- _AIM OF THE TASK_: Once you reach the line with "girl holding at the branch and looking up" below, copy each line exactly, stopping after the line with "Ein modernes Badezimmer", and skip any pictures.

- _THE DATA_:
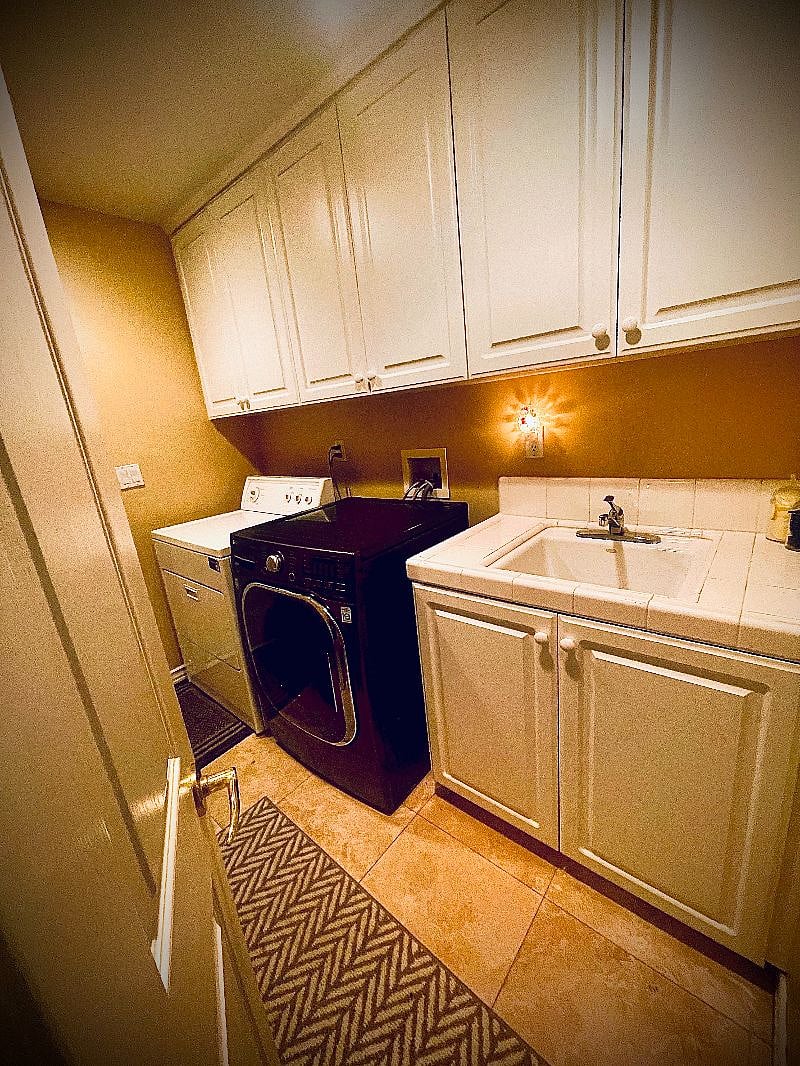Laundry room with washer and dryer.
...
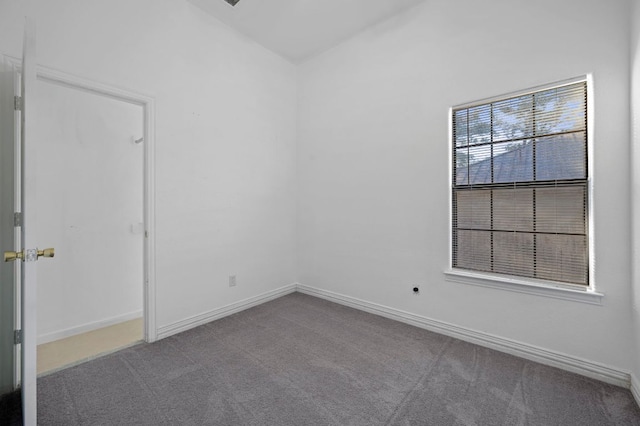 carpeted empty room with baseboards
...
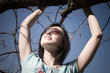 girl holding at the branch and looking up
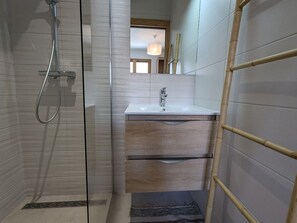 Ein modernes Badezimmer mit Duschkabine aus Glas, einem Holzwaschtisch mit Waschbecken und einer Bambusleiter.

- _ANSWER AREA_:
 girl holding at the branch and looking up
 Ein modernes Badezimmer mit Duschkabine aus Glas, einem Holzwaschtisch mit Waschbecken und einer Bambusleiter.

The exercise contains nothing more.